[rez-uh-loo-shuh n] Philip Barnes ARCA Exhibition 29th Aug – 16th Sept
Exhibition 29th Aug – 16th Sept Tuesday – Saturday 9.30-4pm (Except Friday afternoon)
Preview night – Wednesday 30th August 6-9pm. All art lovers welcome.
Philip Barnes ARCA
I am a Yorkshireman, brought up in and around the mining villages of South Yorkshiren now living in North Devon. After studying a science degree, I subsequently joined British Coal and worked in the coal mining industry for 8 years. As the mines closed, I left and joined an engineering company as Operations Director. After 7 years and in my late 30’s, I decided to leave behind my science and engineering and went to study art.
After a Foundation course in Halifax and a Fine Art Degree in Leeds, I completed my MA in Fine Art at the Royal College of Art in 2002. I had exhibited conceptual works in group and solo shows in the UK and overseas but I became involved in many ventures outside art. When I returned to art in 2014, I began to paint again and this is now my dominant media. In this exhibition I will be showing around 25 paintings, some texts and some conceptual pieces which play with the multiple meanings of [rez-uh–loo-shuh n]. This show has developed from his 2015 show ‘An unconscious mind’.

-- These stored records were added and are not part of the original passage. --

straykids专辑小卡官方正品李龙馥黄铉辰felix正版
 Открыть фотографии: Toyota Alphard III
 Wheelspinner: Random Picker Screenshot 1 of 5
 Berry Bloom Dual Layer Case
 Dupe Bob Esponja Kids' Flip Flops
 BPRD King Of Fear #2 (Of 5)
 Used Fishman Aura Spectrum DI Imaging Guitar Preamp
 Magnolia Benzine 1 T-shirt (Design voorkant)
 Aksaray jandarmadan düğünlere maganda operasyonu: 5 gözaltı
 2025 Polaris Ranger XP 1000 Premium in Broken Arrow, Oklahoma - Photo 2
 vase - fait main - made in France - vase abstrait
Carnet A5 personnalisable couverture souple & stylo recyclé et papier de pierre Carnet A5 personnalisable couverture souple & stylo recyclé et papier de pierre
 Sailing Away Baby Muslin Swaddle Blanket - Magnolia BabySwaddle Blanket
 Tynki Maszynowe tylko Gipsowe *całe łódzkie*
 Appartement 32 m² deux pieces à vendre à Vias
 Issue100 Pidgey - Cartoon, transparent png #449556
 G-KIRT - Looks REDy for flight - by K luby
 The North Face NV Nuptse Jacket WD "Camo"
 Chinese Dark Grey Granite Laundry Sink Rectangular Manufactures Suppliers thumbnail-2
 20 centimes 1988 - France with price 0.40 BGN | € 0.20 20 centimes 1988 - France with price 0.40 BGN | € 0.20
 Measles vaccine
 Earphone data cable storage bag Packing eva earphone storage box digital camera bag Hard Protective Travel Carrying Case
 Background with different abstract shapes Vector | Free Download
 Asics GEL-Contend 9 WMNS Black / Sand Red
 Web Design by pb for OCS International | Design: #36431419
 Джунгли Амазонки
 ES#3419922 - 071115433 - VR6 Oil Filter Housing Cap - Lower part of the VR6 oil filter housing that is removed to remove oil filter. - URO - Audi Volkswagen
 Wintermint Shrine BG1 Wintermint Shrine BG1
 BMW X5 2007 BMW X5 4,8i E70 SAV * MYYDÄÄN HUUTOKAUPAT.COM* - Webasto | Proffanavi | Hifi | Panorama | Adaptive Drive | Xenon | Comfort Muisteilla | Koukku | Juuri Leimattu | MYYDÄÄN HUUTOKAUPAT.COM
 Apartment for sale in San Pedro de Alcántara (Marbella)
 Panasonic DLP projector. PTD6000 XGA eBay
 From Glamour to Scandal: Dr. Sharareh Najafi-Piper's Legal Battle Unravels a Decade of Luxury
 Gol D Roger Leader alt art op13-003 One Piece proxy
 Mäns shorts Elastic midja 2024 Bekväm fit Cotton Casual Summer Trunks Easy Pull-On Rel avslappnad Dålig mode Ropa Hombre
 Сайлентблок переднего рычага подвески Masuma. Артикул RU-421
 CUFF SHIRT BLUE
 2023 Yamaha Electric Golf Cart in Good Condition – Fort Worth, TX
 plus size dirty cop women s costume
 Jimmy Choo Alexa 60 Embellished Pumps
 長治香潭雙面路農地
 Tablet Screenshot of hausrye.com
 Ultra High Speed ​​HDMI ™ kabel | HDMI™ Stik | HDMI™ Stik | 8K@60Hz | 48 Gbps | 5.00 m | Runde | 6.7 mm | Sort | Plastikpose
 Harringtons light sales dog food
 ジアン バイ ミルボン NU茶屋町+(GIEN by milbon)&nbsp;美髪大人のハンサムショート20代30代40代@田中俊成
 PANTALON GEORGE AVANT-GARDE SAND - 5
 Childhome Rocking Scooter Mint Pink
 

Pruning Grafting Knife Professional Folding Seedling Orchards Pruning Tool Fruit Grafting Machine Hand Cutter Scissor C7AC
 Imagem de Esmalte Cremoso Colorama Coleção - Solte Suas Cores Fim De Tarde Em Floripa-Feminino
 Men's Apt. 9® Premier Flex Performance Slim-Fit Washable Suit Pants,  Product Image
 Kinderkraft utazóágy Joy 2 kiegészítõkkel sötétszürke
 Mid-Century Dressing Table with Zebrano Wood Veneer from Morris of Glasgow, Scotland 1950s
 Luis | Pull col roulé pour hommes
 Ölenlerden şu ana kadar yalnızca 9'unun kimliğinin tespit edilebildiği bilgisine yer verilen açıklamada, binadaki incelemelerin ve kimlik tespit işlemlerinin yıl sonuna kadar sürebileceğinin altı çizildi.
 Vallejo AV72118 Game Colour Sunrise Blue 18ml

Freud divided the mind into the conscious mind (ego) and the unconscious mind (id & super ego). Freud describes how we experience this unconscious mind through: dreams, slips of the tongue (Freudian slips), jokes, intuition and enigmatic thoughts which burst upon us unbidden and uncontrollably. The unconscious can be immensely creative or powerfully destructive, a source of guidance as well as subversion, and it can be awe inspiring or very disturbing. Philip’s process has developed in response to his unconscious mind.
Philip does very little initial planning other than to choose a head or a figure as a start point. As Philip paints, he experiences enigmatic thoughts and Freudian slips occur, sometimes these might be in response to what he has read or seen or just the way he is feeling at the time. Through painting, he tries to make these visible to himself. Sometimes a resolution readily appears and in other cases it takes a long time before the story of the painting becomes clearer to him. Philip wants the viewer to bring their own unconscious mind to the work and for them to resolve the story as they see it. There is no one universal interpretation and Philip loves to hear what the viewer thinks.
The works shown are eclectic, vibrant and dynamic and can be enjoyed visually and mentally. Philip’s work plays with the idea of resolution [rez-uh–loo-shuh n], and what is being resolved.
Philip will be on hand each day to respond to viewers but only if invited to do so.